After Zumba, we went into the Kitchen to cook up some healthy meals. My station was making English Muffin Pizzas. One of these days I’m going to have a heart attack watching the girls cut up veggies small enough to fit on them. This recipe is also on my College Diet Plan so I’m always excited to show young girls how to make it at this age! Usually there is at least one girl who wants to just make a cheese pizza but the purpose of the recipe is to show how you can get in some veggies.
The other volunteers help the girls make an apple chicken dish, as well as a spinach salad with cranberries, feta and apple. We finish the day with a make your own trail mix bar. The girls usually skip out on the yummy fruit like dried mango but the volunteers are always they do.
The day was success despite the rocky start to the morning. It’s frustrating to enter a room to talk about healthy breakfasts when pure sugar is staring at you in your face. The other volunteers argued that they girls would not eat the oatmeal and consequently would be hungry and complain. I’m sorry, but this was disrespectful for the KITK volunteers. We chose our placement because we care about nutrition education. “Oatmeal is a great way to start your day, but if you don’t like it, here are some high sugar cereals that at least taste good but have no redeeming qualities,” is the wrong message and not one we want the Junior League sending out.
Have you ever encountered a frustrating experience like we did on Saturday? How did you handle it?
Volunteering is super hard on it’s own and with kid’s its even more difficult. How about doing a demo with the sugar content in cereal or sod?. Like have the kids pour out how much sugar they think each item contains like soda ect. And show them the actual grams of sugar poured out.

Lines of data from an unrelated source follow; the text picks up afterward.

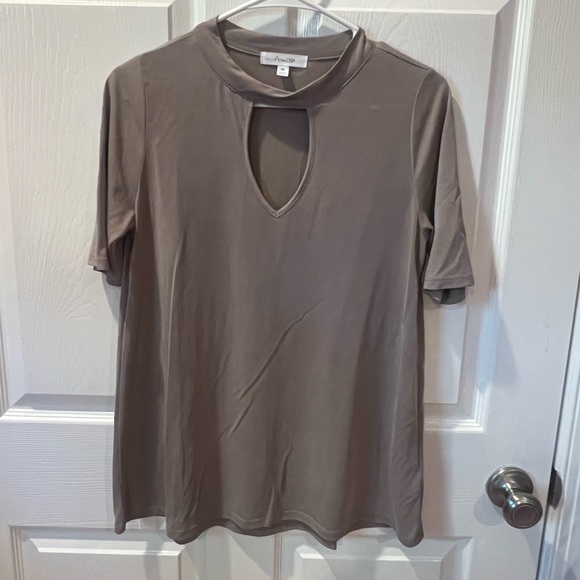 Active USA Short Sleeve Keyhole Top - Taupe - Picture 1 of 3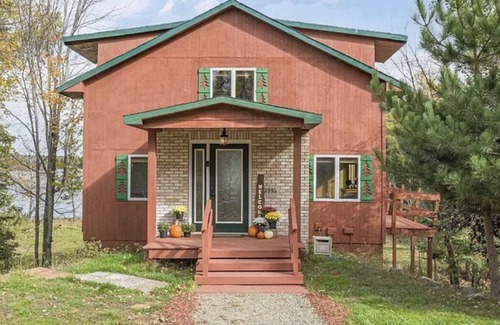 Ely Cabin | Minnesota lakefront home/cabin near Tower and Ely, close to Bear Head State Park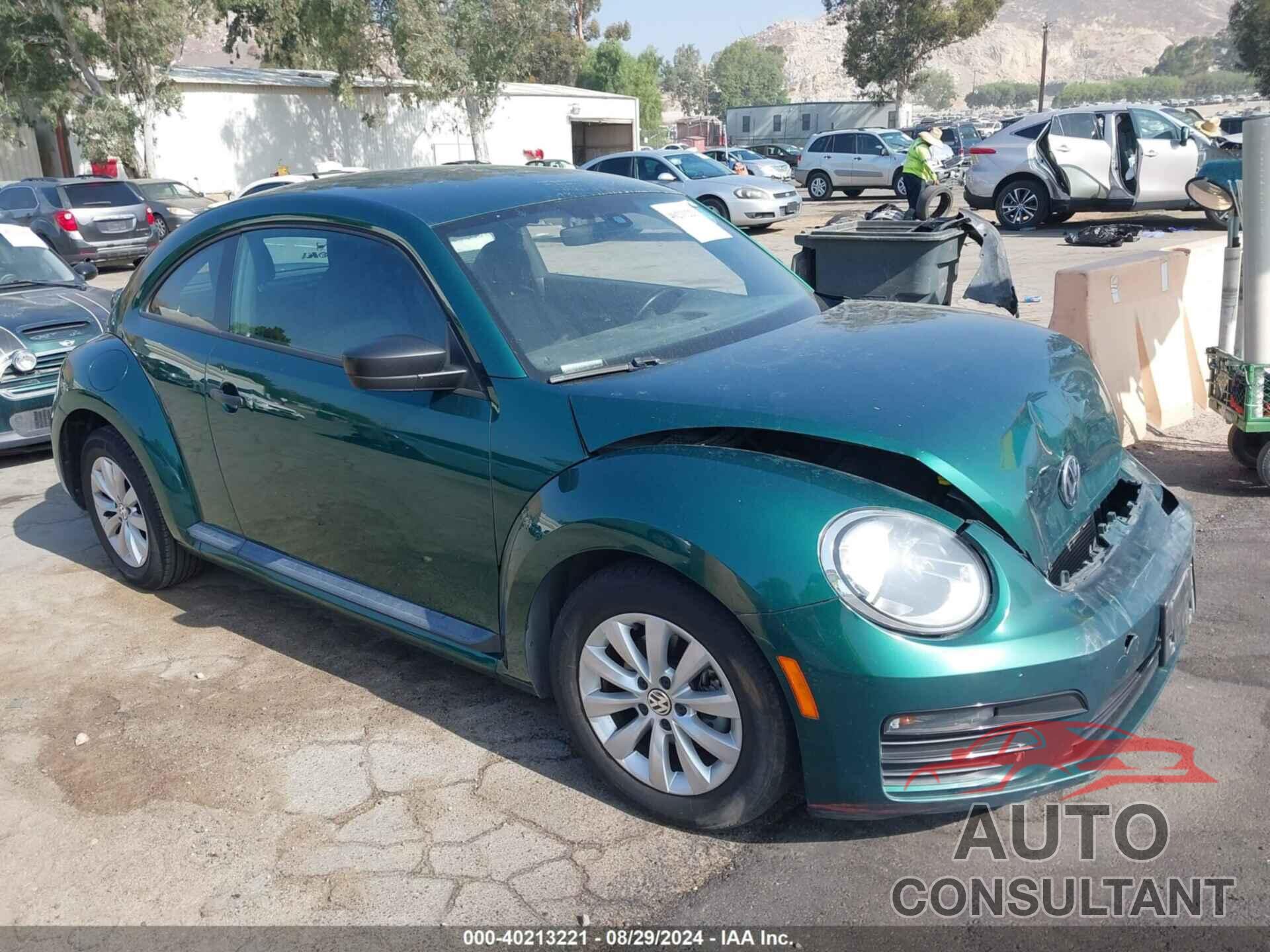 VOLKSWAGEN BEETLE 2017 - 3VWF17AT7HM630645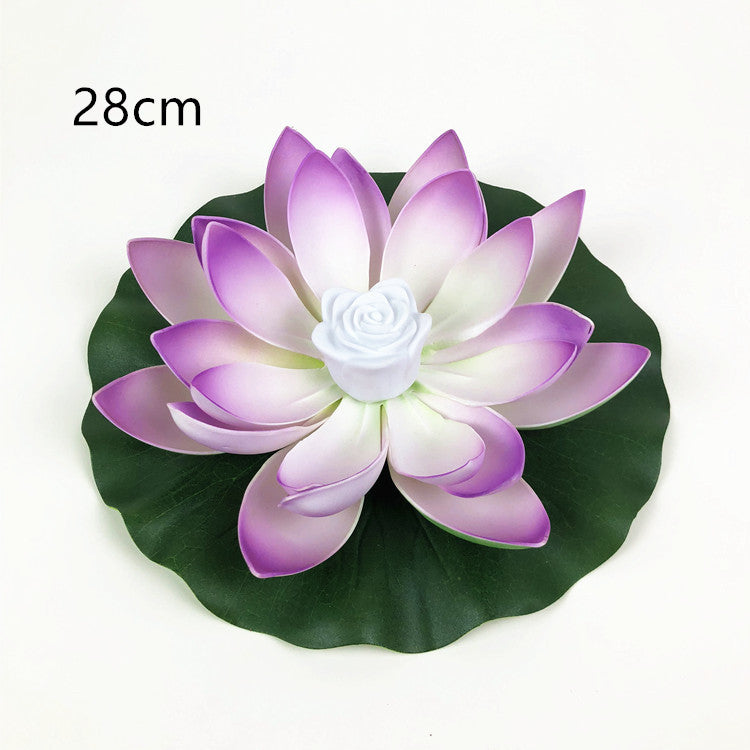 LED Lotus Lamp – detail view 2 | Belloriana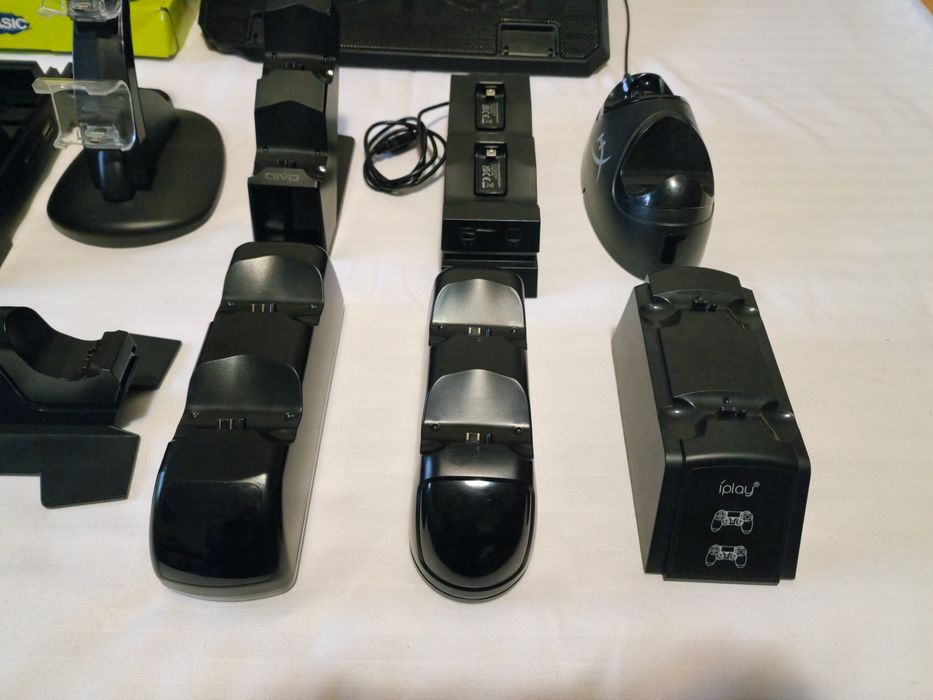 Stand/Dock/Cooler incarcare controller dual ps4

i get frustrated like this all the time. Running a boot camp for women, I have ladies who want to drop pounds, of course… when they don’t they always ask but why? It’s because of the pizza you just told me you ate this past weekend or the fried chicken you had with your family. Now i make them do 10 burpees everytime they do something like this. I even give meal plans so when they complain I simply say, I can only give you EVERYTHING I know, but it’s up to you to walk out of this class each day and use that info for your body.

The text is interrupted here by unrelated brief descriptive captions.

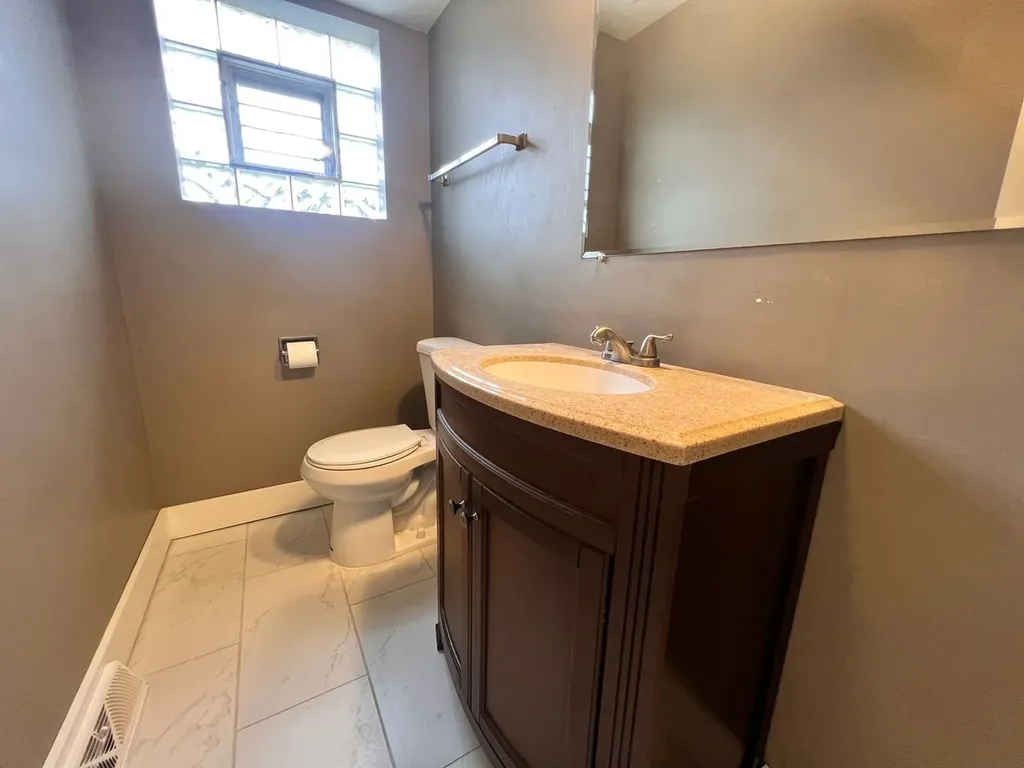 16W611 56TH Street Clarendon Hills IL 60514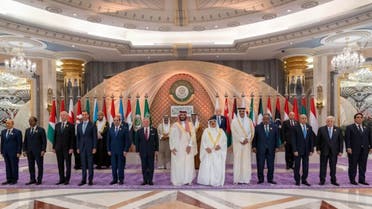 الصورة الجماعية للقادة بالقمة العربية الـ32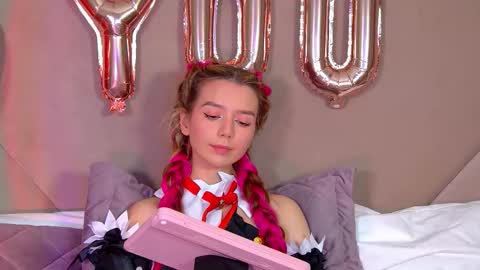 VanessaVienne online show from February 14, 4:31 pm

What a great program! I’d love to see something like this in my community. It must have been super frustrating to be dealing with people who didn’t get the purpose. I find that often when you talk about healthy eating you have people who are just not interested.
My nine-year old daughter wants to get involved in my blog so we’re planning on having “Sophie Saturdays” Let’s see if it will encourage her to make better choices!

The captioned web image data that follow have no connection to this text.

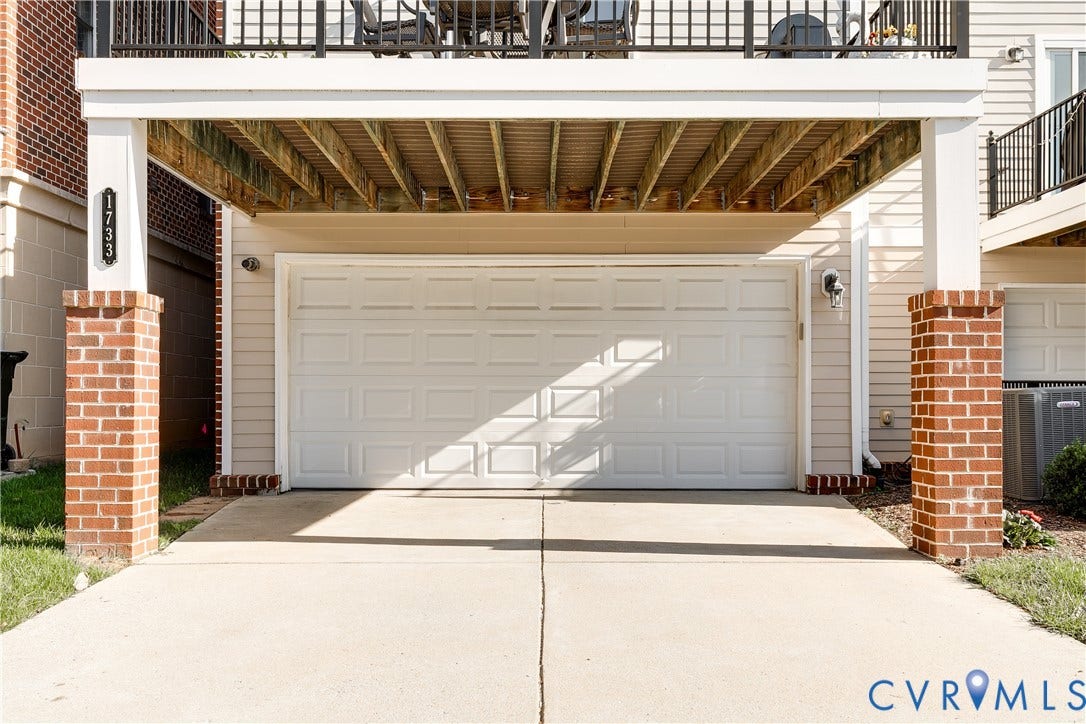 1733 W Cary Street, Richmond, VA 23220 Attached garage with panel door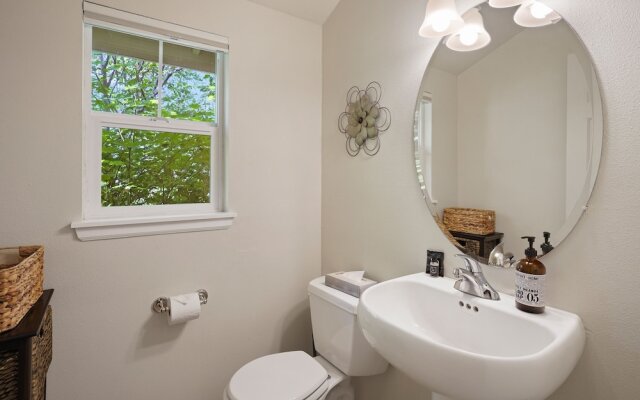 Old Mill Magic 2 Bedroom Townhouse by RedAwning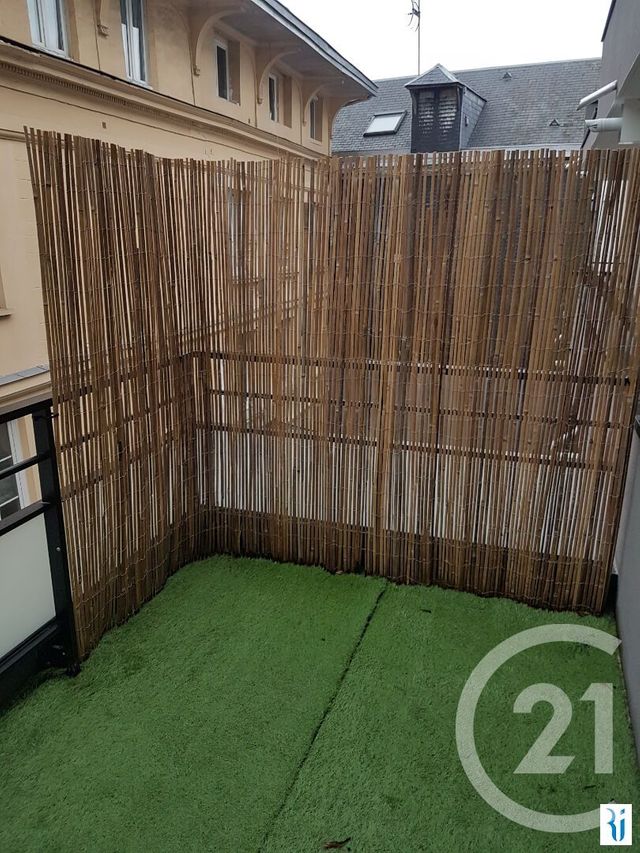 Appartement F3 &agrave; louer - 3 pi&egrave;ces - 78,02 m2 - Rouen - 76 - HAUTE-NORMANDIE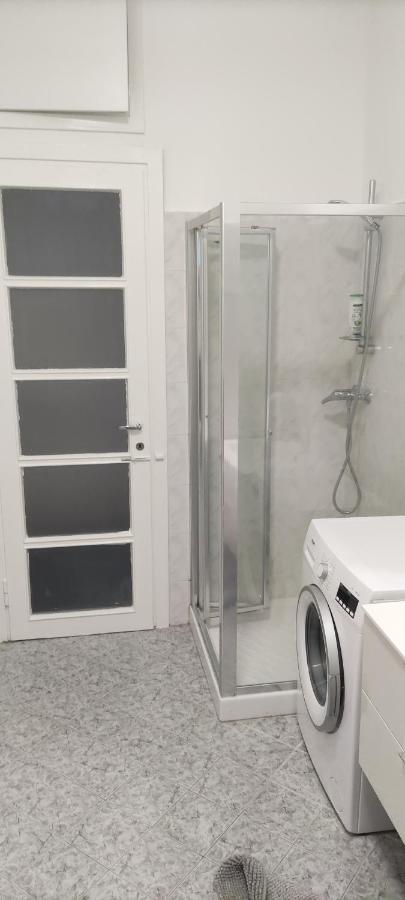 Melaverdeflat Porta Venezia-dateo Metro 4 * Mailand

On the one hand, I hear and understand your frustration. On the other — it really sounds like a failure on your part to recognize that this is an example of just what is wrong with organisations like the Junior League: an EXCLUSIVE (I mean that literally, in terms of both cost and sponsorship) group of privileged women taking up some “ladies’ social causes.” Many JL projects are infantilizing and take on a top-down approach. They are NOT grassroots-supported programs, and it makes sense. After all, they seem to have been designed to occupy bored housewives and make members feel better about having too much time and money. It’s always good to spend time with children--and even to work in a few lessons about food--but be real: would you have eaten that oatmeal as a kid? I’m not sure I would have. Some flexibility is OK, as well as a recognition that the Junior League might not be the best organization to teach about healthy living. It starts at home, and within communities.
Katy, Thank you for your comment. I do agree that these fundamentals need to be taught in the household. Our hope is that they go home and share the recipes with their families. I’ll admit oatmeal was not my favorite breakfast but I would eat it if I was given it. To be honest, I used to have one slice of toast with peanut butter or just 1/2 a grapefruit! It was all I wanted… I think if all I wanted was a handful of fruit loops my mother would have said no.